Artikel uit uitgave 4, 2010

In 1883 ontmoetten de Haarlemse Vélocipède club met de Engelsman C.H. Bingham en de Haagse club De Ooievaars met de Engelsman D. Webster elkaar halverwege hun tocht tussen Haarlem en Den Haag. Niet alleen de Engelse deelnemers, maar elke wielrijder zal op de route door de bollenvelden vanaf de hoge-bi of driewieler genoten hebben van kleur, geur en fleur. Hun ontmoeting leidde tot de oprichting van de Nederlandsche Velocipède Club, die twee jaar later werd omgedoopt in ANWB, onder leiding van Bingham. De bollenvelden hadden ook op Amsterdamse fietsclubs een grote aantrekkingskracht. Damesleden konden met fiets en picknickmand met de trein naar Haarlem om zich dan bij de heren aan te sluiten. Onderweg versierden ze hun breedgerande hoeden met bloemen en droeg men bloemenslingers die kwekers te koop aanboden. De bollenstreek was bij fietsers favoriet.

>

In 1896 nam de gemeente Bloemendaal contact op met de Noord- en Zuid-Hollandse afdeling van de ANWB en stelde voor om in het voorjaar gezamenlijk een bloemenoptocht te organiseren. Het werd een groots bloemenfeest dat een overweldigend aantal bezoekers trok en in de pers lovend werd gepresenteerd als een promotie voor het fietsen, de stad Haarlem en de bollenstreek; de optocht kreeg de naam bloemencorso. Als eerste zag men de uitbeelding van de geschiedenis van de fiets van snelvoeter via de hoge-bi tot de veiligheidswieler met houten, massief rubberen en luchtbanden. Daarna kwamen diverse doelgroepen van berijders zoals de toerist, de militaire rijder en de wielrenner, en vervolgens een lange stoet van fietsclubs, vaak in uniforme kleding. De fietsen waren met bloemen versierd en de berijders droegen bloemenkransen, de vrouwen rond de hoed en de mannen als sjerp.

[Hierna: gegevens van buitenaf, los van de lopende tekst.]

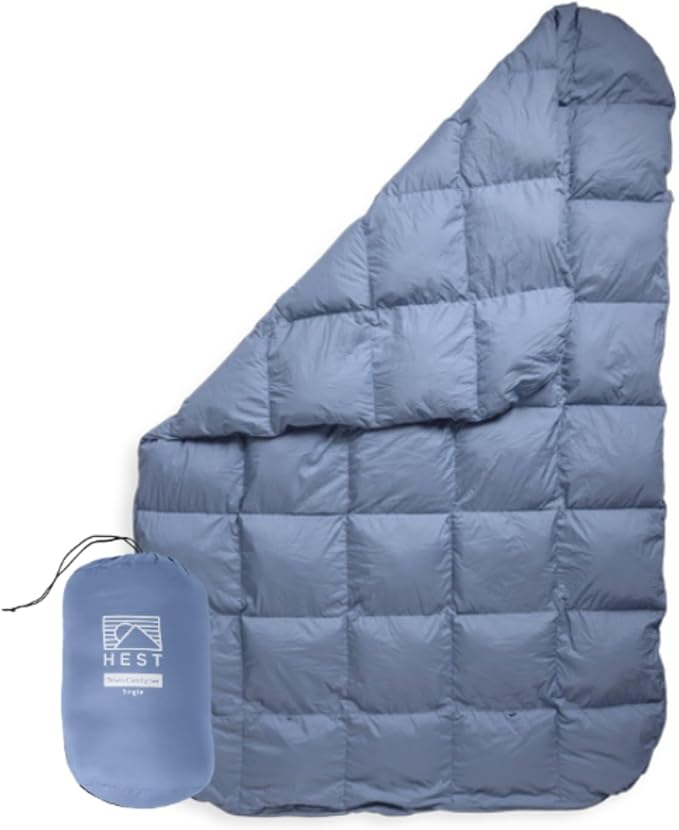HEST Packable Down Comforter for Camping, Single Size - Warm Outdoor Puffy Blanket, Down Blanket with 50-L Tote, Hydrophobic Duck Down - Perfect for Hiking, Camping, Backpacking & Outdoor Adventures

Het succes bracht in 1898 de Commissie voor de inhuldigingsfestiviteiten van koningin Wilhelmina ertoe de ANWB in te schakelen om een dergelijk corso op 10 september in Den Haag te organiseren. Uiteraard moest dit groter en feestelijker worden, met tribunes, muziek, gratis fietsvervoer per trein en herinneringsmedailles voor de deelnemers; de kosten ervan werden op 10.000 gulden begroot. Na enige aarzeling was men royaal en loyaal en het feest ging door. Een belangrijke blikvanger was de Haagse damesfietsclub honi soit qui mal y pense, die een gouden medaille won. De dames droegen een lange witte japon, een hoed en witte fietshandschoenen, die voor het wieleren altijd een maat groter werden gedragen. Om beschimping te voorkomen en om van hulp bij pech en ongeval verzekerd te zijn, telde de club voor begeleiding enkele manlijke leden, waar de clubnaam naar verwees.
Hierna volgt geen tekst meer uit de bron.